*Task item*.
Your reply should contain the whole listing below, repeated exactly, and no images.

*Recorded information*.

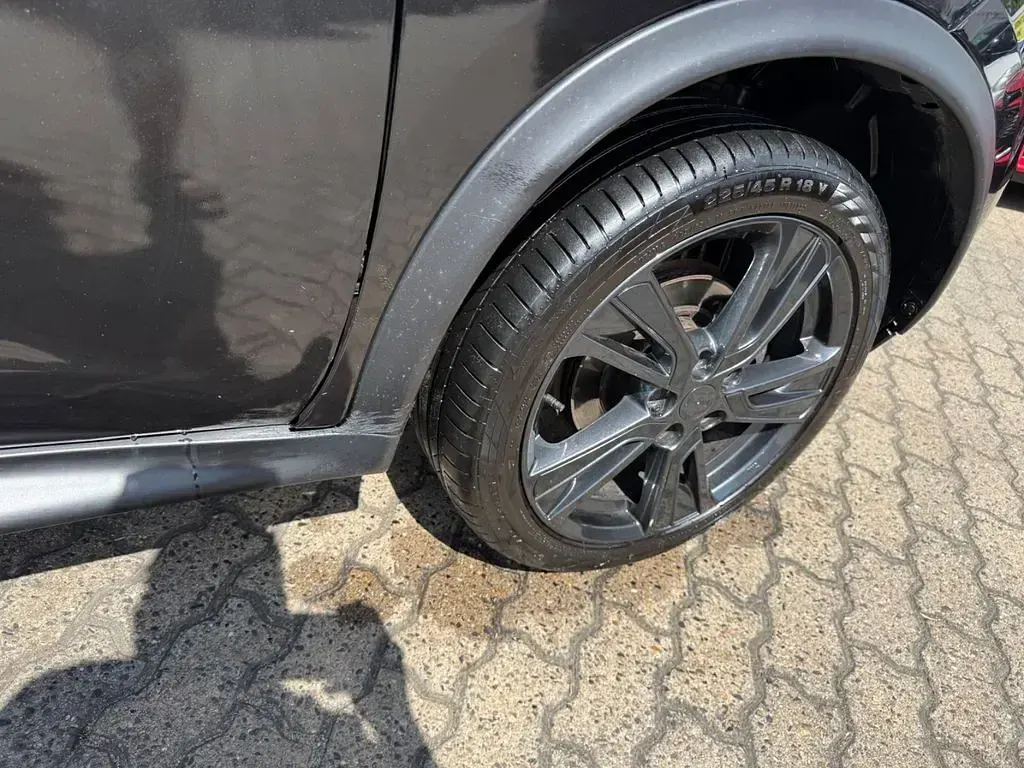 Gebraucht Nissan Juke N-Connecta 116 PS (85 kW) 2017 Schwarz SUV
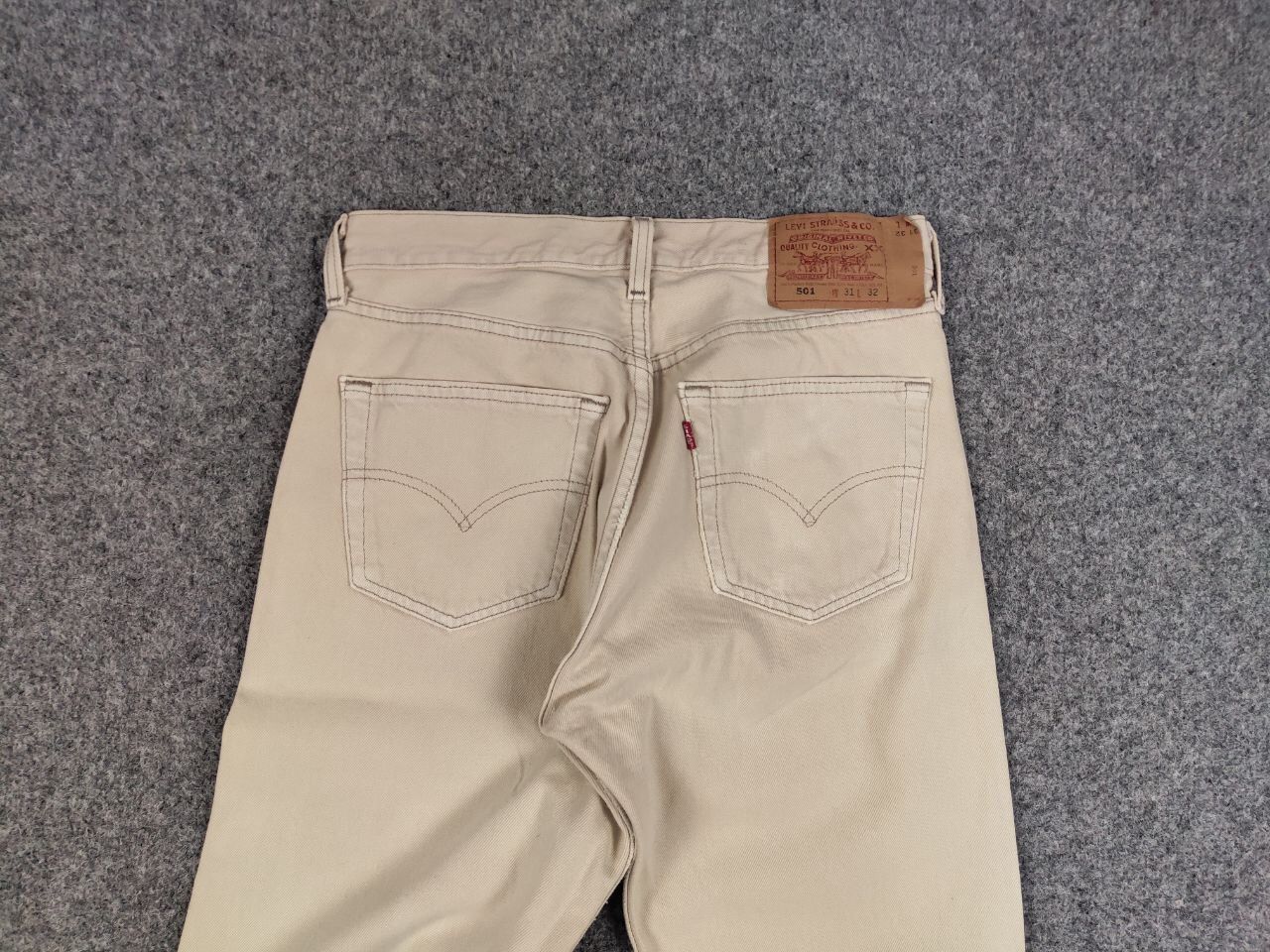 Levi's Vintage 90's levis 501 Beige faded Denim Jeans made in usa Size US 31 - 15 Thumbnail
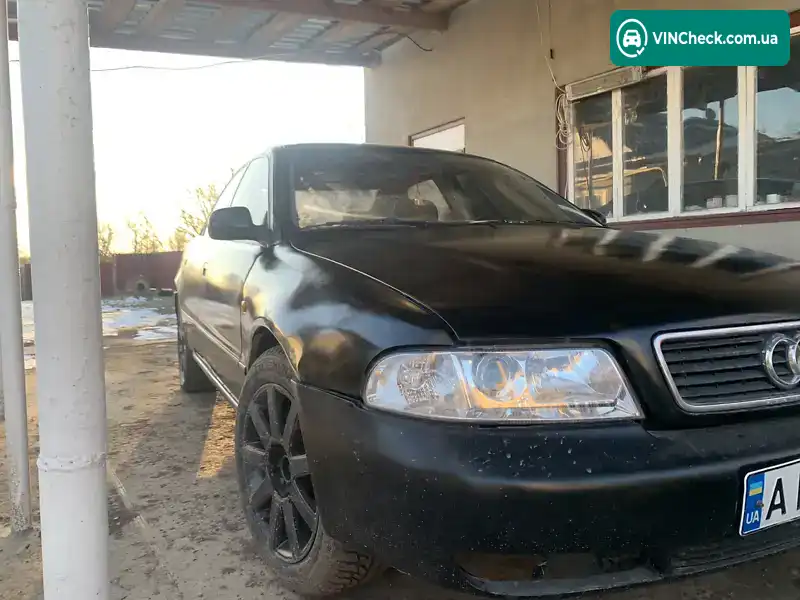 Audi A4 1995, фото з оголошення 2 з 11, VIN WAUZZZ8DZTA033163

*Solution to the exercise*.
 Gebraucht Nissan Juke N-Connecta 116 PS (85 kW) 2017 Schwarz SUV
 Levi's Vintage 90's levis 501 Beige faded Denim Jeans made in usa Size US 31 - 15 Thumbnail
 Audi A4 1995, фото з оголошення 2 з 11, VIN WAUZZZ8DZTA033163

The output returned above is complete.